Les médias les plus souvent responsables de la désinformation incluent Sud Radio, CNews, RMC et Europe 1, qui continuent d’émettre un nombre alarmant de fake news. Les narratifs erronés se basent principalement sur des thématiques liées aux énergies renouvelables, où les fausses informations fustigent leur coût supposé et leur efficacité. Des mensonges persistants, tels que la prétendue pollution plus importante des voitures électriques comparées aux véhicules thermiques, témoignent également d’une mécompréhension virulente des enjeux écologiques actuels.
Ce rapport, fruit d’une collaboration entre plusieurs acteurs engagés dans la lutte contre la désinformation, comme QuotaClimat et Science Feedback, met également en lumière le rôle des intervenants médiatiques. En effet, 80% des cas de mésinformation ont été signalés sur CNews et Europe 1, avec une forte majorité d’invités et de journalistes comme sources de diffusion de ces informations trompeuses.

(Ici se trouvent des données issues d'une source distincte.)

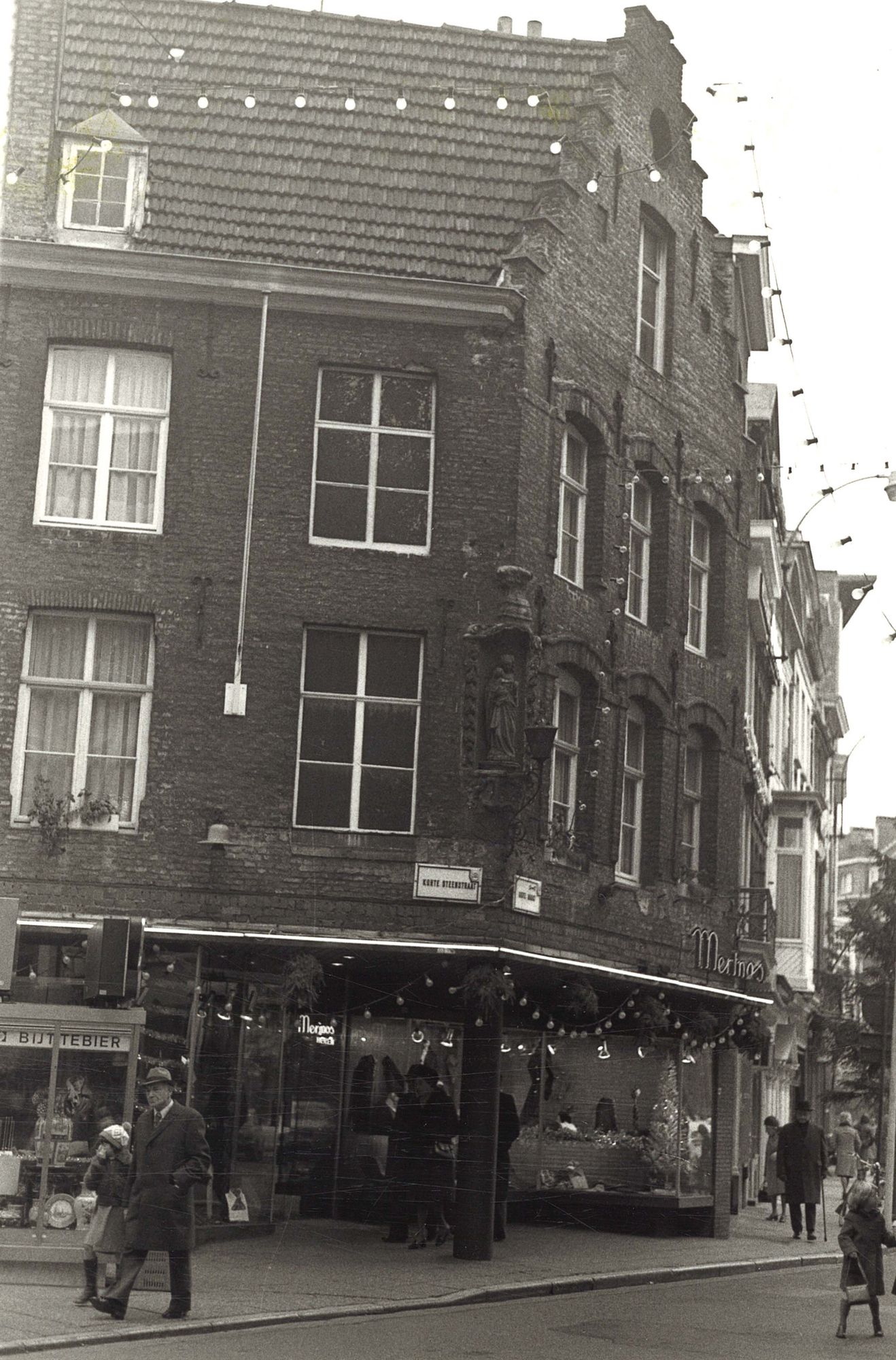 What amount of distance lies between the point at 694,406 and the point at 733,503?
1908 millimetres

À partir de 2026, l’OME élargira son champ d’action pour inclure la presse écrite et la publicité, visant à développer des méthodes pour détecter le greenwashing dans les discours publicitaires. Ce tournant annonce un besoin urgent de vigilance et de vérification des faits pour préserver l’intégrité de l’information climatique dans tous les médias. Pour en savoir plus sur des sujets clés autour de l’écologie et la désinformation, découvrez des ressources telles que CNews et ses amendes pour désinformation ou les enjeux de la crise climatique.

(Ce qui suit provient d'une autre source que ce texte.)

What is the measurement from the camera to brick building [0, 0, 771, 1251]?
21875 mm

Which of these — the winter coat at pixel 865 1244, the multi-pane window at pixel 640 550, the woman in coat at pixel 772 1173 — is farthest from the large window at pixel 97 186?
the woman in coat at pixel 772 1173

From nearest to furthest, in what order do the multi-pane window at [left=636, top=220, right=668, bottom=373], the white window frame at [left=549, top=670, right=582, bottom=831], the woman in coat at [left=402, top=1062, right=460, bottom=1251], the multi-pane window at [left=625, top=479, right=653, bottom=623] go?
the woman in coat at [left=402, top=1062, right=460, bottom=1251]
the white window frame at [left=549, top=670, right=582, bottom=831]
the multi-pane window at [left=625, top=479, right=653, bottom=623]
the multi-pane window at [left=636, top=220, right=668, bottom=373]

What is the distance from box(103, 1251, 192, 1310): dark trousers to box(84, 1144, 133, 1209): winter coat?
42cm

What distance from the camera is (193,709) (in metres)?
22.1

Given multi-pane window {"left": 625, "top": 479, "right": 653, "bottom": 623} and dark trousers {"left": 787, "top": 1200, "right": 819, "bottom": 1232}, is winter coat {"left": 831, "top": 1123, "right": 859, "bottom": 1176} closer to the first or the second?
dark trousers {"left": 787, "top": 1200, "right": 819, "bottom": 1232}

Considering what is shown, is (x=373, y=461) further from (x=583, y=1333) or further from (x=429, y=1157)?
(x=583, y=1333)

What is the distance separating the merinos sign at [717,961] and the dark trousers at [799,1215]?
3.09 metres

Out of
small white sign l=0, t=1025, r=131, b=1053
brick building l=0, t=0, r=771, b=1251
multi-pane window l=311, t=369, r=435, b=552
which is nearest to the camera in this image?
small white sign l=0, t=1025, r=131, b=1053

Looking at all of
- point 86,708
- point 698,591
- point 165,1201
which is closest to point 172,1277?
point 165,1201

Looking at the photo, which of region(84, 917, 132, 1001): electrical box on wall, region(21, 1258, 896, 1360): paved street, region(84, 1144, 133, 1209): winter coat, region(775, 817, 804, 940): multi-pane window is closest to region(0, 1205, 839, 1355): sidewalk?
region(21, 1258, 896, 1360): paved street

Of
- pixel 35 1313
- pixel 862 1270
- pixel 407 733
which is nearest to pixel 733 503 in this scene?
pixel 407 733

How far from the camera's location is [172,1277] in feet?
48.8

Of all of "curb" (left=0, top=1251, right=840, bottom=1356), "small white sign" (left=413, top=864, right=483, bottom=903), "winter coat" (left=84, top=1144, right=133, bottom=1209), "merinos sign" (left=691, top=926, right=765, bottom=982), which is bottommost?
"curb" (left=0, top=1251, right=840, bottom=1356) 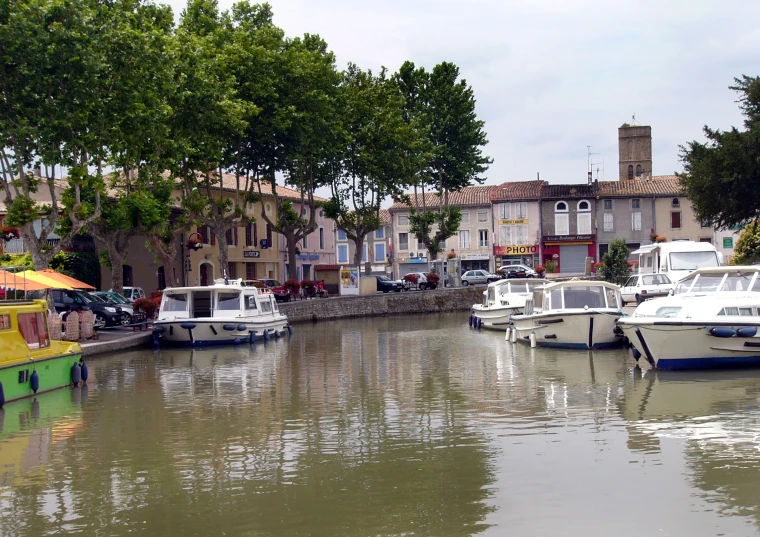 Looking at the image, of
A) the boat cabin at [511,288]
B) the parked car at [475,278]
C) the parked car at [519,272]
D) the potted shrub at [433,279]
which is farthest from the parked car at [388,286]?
the boat cabin at [511,288]

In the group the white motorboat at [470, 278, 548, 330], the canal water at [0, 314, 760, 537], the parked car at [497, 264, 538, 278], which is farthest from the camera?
the parked car at [497, 264, 538, 278]

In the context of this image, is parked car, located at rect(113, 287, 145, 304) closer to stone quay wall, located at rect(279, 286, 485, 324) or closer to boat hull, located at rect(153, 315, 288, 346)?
stone quay wall, located at rect(279, 286, 485, 324)

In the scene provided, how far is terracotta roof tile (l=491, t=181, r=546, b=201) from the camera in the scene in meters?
87.2

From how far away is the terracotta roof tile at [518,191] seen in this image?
87.2 meters

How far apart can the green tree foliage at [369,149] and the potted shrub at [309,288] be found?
11.9 feet

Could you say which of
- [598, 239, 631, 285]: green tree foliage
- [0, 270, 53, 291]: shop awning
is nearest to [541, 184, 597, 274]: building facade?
[598, 239, 631, 285]: green tree foliage

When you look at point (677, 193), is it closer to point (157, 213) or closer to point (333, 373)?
point (157, 213)

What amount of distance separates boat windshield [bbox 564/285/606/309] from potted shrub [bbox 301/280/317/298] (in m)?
29.4

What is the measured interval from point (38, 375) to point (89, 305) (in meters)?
16.3

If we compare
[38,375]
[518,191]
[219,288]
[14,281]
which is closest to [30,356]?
[38,375]

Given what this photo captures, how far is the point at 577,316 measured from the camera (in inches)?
1062

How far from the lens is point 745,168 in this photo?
131 ft

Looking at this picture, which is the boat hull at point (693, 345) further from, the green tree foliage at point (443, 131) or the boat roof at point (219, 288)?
the green tree foliage at point (443, 131)

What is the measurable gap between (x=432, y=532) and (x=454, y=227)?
184 feet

Bilan 2025 de la désinformation climatique
L’Observatoire des médias sur l’écologie a révélé qu’en 2025, un total de 665 fausses informations relatives aux enjeux climatiques ont été diffusées à la télévision et à la radio françaises, ce qui témoigne d’un fléau grandissant de désinformation sur ces questions cruciales. Ce chiffre, bien qu’en recul par rapport aux premiers mois de l’année, met en lumière un phénomène persistant qui cible principalement les énergies renouvelables et les voitures électriques.
Les périodes de crise, telles que celles liées aux débats sur les politiques publiques environnementales, ont vu un pic de désinformation. Plus inquiétant encore, une grande partie de cette information trompeuse provient de médias réputés, avec Sud Radio et CNews en tête des classes de diffusion.

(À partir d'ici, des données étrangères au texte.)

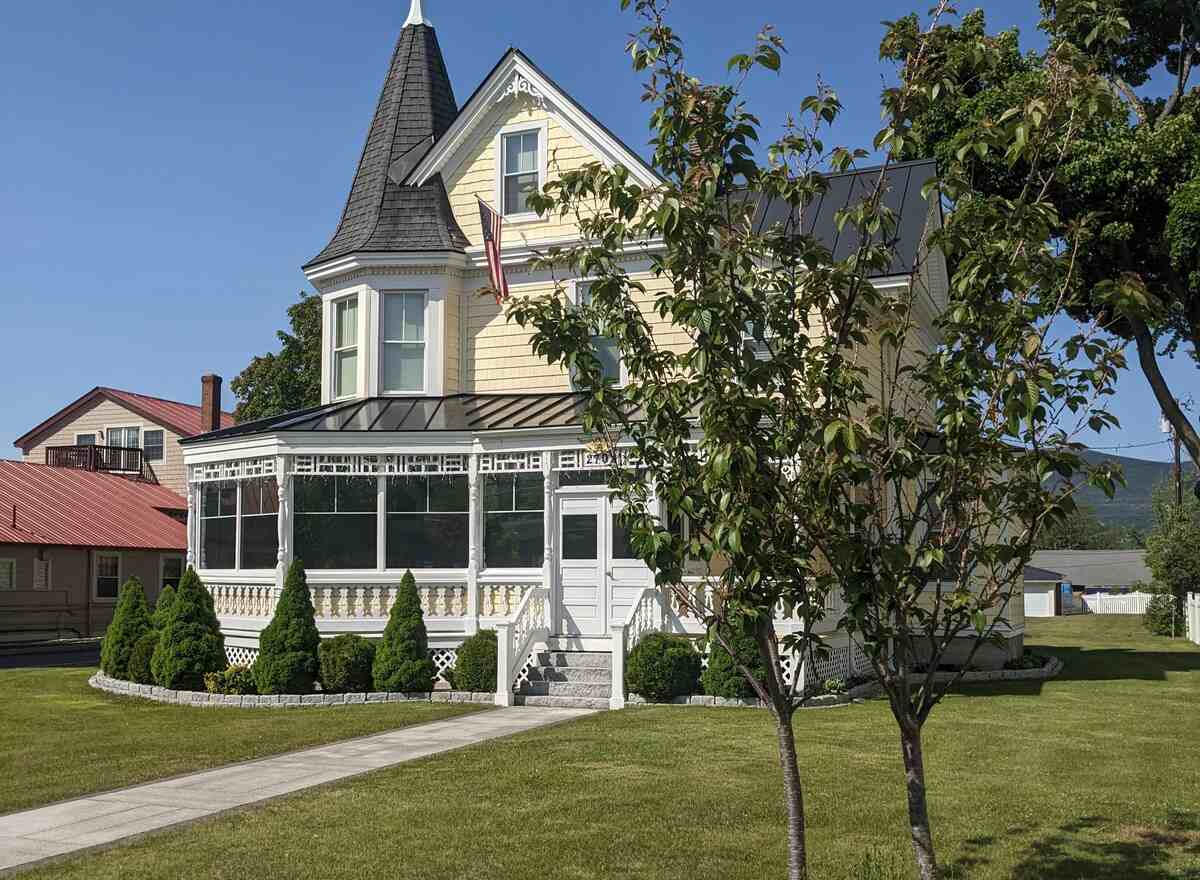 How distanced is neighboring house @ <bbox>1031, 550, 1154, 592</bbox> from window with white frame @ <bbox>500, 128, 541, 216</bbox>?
66.2 meters

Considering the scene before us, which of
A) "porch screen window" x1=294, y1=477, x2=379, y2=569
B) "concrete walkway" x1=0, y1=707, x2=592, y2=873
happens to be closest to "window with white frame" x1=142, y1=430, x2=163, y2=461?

Cet état des lieux, quant à lui, souligne l’importance d’une vigilance constante face à la désinformation climatique et à la nécessité d’une couverture médiatique plus responsable. À l’aube de 2026, l’Observatoire des Médias sur l’Écologie mettra en lumière d’autres secteurs comme la presse écrite et la publicité, dans un effort crucial pour combattre ce fléau et garantir une information précise et fiable sur les enjeux écologiques.